En effet, la France entend, avec l’onction provisoire de notre gouvernement, imposer selon le droit français, les immeubles situés en Suisse, si l’héritier est domicilié en France, et cela même si le défunt était domicilié en Suisse.
En d’autres termes, et pour prendre un cas concret, des descendants directs, au motif qu’ils sont domiciliés en France, seraient taxés, en France, à raison de 45% de la valeur de la villa occupée en Suisse par leur père en cas de décès de celui-ci, et cela alors qu’ils seraient exemptés d’imposition sur la succession si leur père était domicilié à Genève, par exemple.
Inutile de préciser que cette situation concernerait de nombreux suisses, contraints de s’installer en France, faute de trouver un logement conforme à leurs aspirations dans notre canton.
Pourquoi la Suisse devrait-elle accepter cette nouvelle ingérence étrangère, alors que rien ne l’y oblige ? Mystère. Peut-être la peur du vide. Le Conseil fédéral souffrirait-il de vertige ? Il lui faudrait pourtant de la hauteur.
Ce d’autant que les principes de l’OCDE dans ce domaine fixent alternativement le droit applicable à une succession supranationale, qui est, soit le lieu de résidence du défunt (la Suisse dans l’exemple ci-dessus), soit le lieu de situation du bien immobilier (la Suisse encore). Cette dernière possibilité est généralement retenue, car la valeur du bien immobilier est déterminée essentiellement par les infrastructures développées par les collectivités en son lieu de situation.
Certes l’OCDE autorise (comment pourrait-il en être autrement), un Etat à exonérer des héritiers si ceux-ci sont déjà taxés par un autre Etat. Encore heureux, pourrait-on ajouter.

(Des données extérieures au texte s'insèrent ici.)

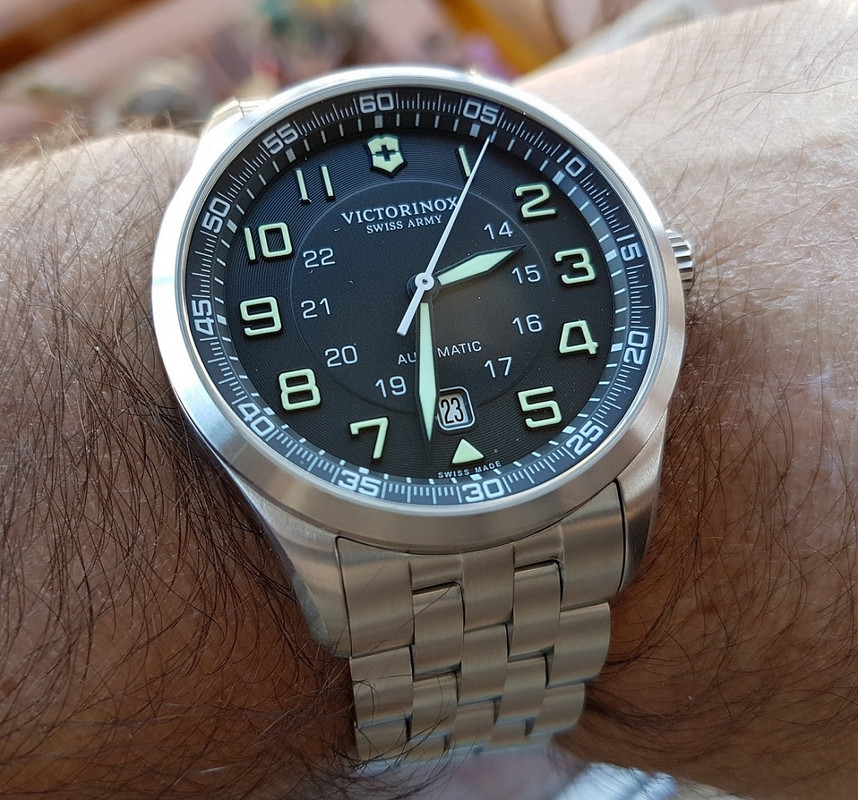 Victorinox Swiss Army AirBoss Mechanical #241508 (1)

Cela amène notre Conseillère fédérale à soutenir benoitement que l’imposition des immeubles situés en Suisse par la France en cas de succession, est conforme au droit international, puisque la Suisse peut renoncer à sa taxation si la France s’en charge…Il fallait oser. Mais, s’empresse-t-elle d’ajouter, la France voulait appliquer cette imposition dès 6 ans de résidence, et ce délai a été porté à 8 ans. Quelle maestria diplomatique !

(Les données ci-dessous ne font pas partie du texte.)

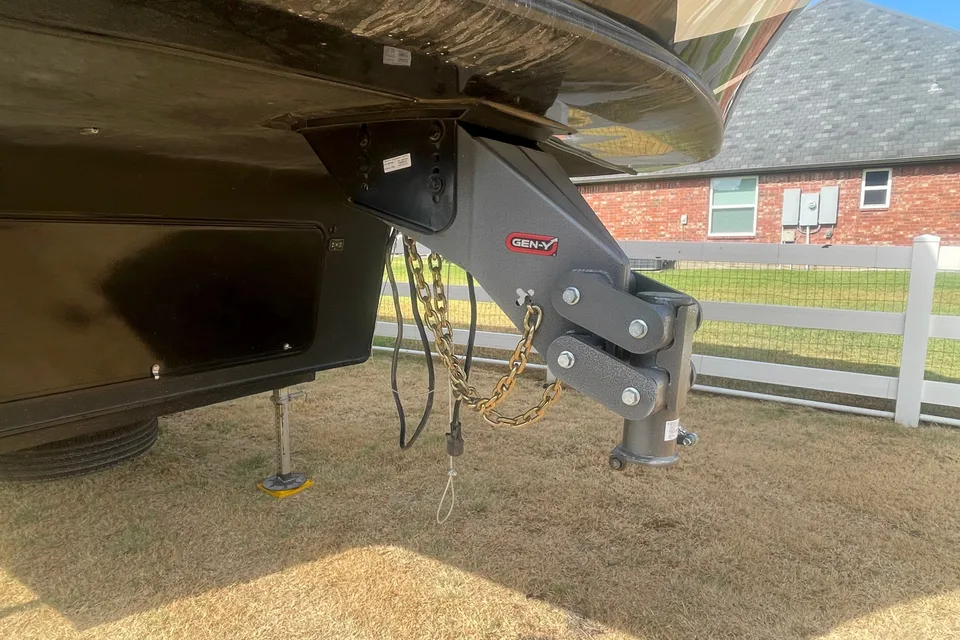 5th Wheel Camper perfect for the entire family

La question est autre : En quoi les intérêts de la Suisse, Etat souverain et indépendant, dictent-ils cette renonciation, qui pénalise de surcroit essentiellement les Suisses de l’étranger ? Mystère toujours.
C’est ainsi que le Conseil national, à la majorité, a accepté aujourd’hui une motion enjoignant au Conseil fédéral de renoncer à toute nouvelle Convention avec la France en cette matière si cette exigence était maintenue. Plutôt ne rien signer du tout ! Logique et simple. Trop simple pour certains.